-- Goal of the exercise --
Leave the pictures behind and reproduce every line of the listing exactly.

-- Dataset excerpt --
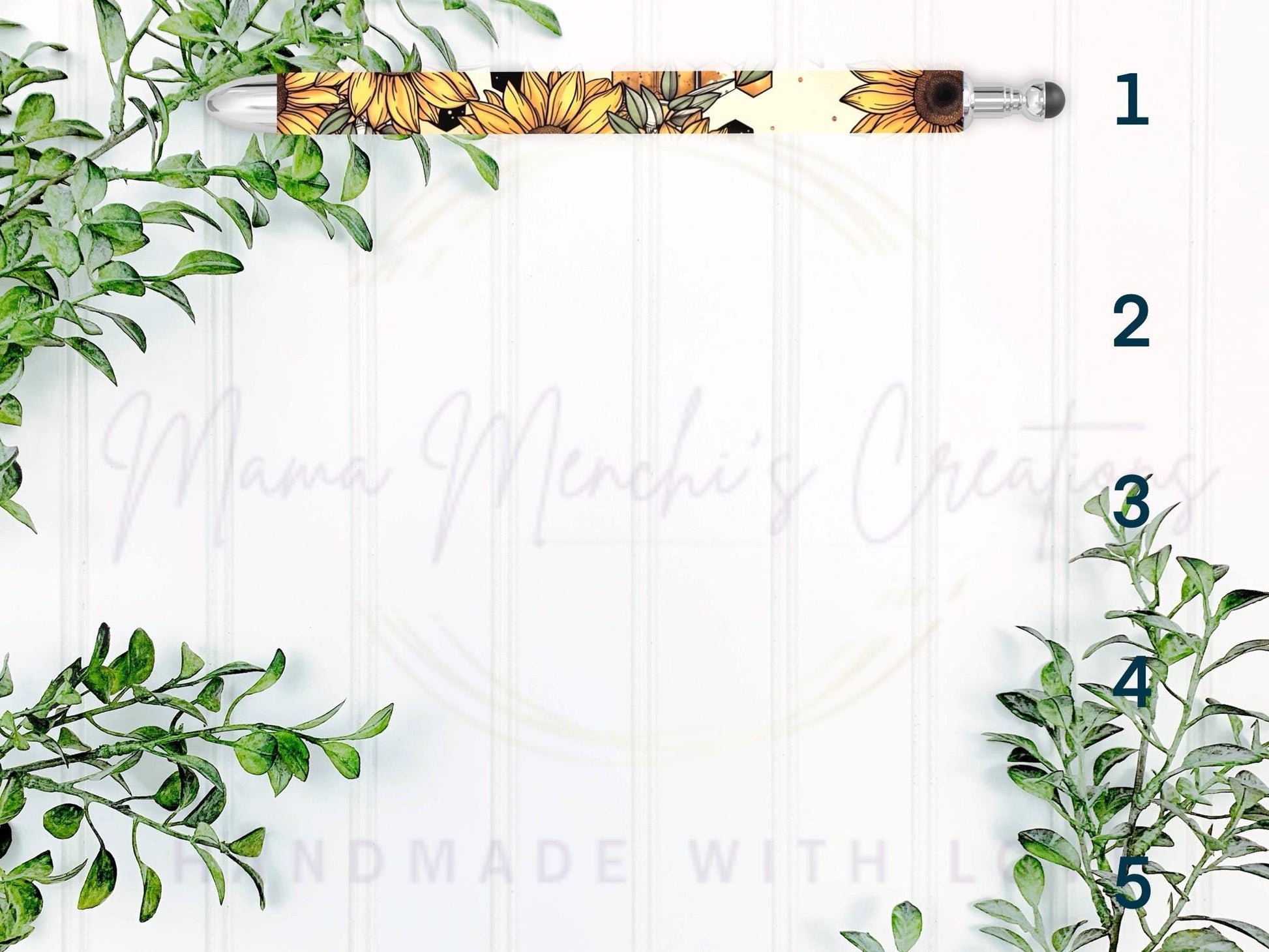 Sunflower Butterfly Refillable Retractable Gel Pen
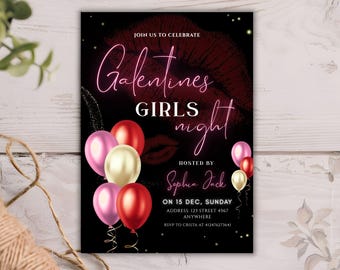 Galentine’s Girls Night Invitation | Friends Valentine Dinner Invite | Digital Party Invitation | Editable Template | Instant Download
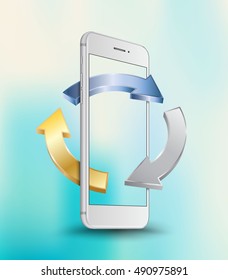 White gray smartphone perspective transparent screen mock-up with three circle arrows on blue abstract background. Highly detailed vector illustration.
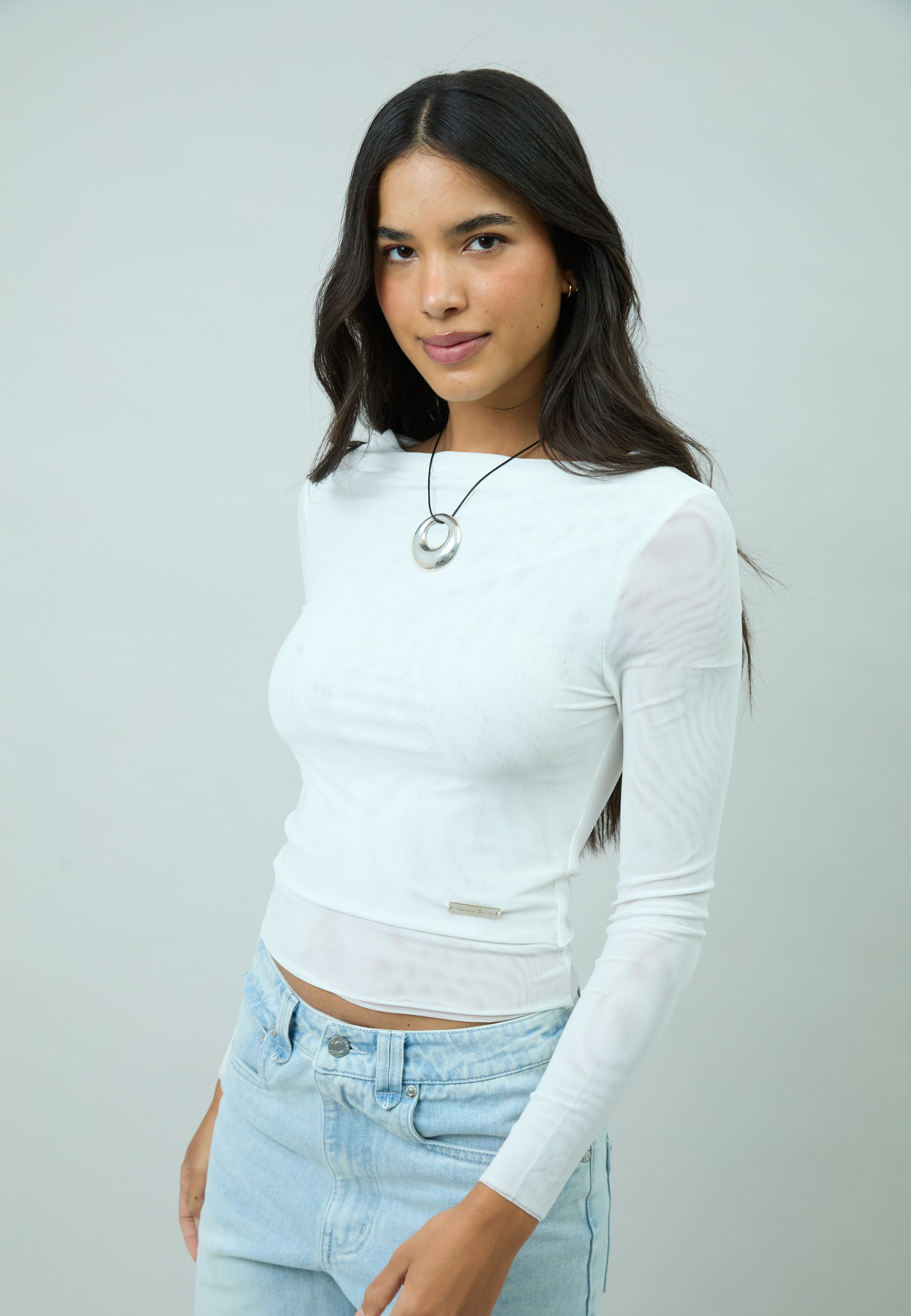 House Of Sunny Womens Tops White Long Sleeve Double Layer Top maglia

-- Written response --
 Sunflower Butterfly Refillable Retractable Gel Pen
 Galentine’s Girls Night Invitation | Friends Valentine Dinner Invite | Digital Party Invitation | Editable Template | Instant Download
 White gray smartphone perspective transparent screen mock-up with three circle arrows on blue abstract background. Highly detailed vector illustration.
 House Of Sunny Womens Tops White Long Sleeve Double Layer Top maglia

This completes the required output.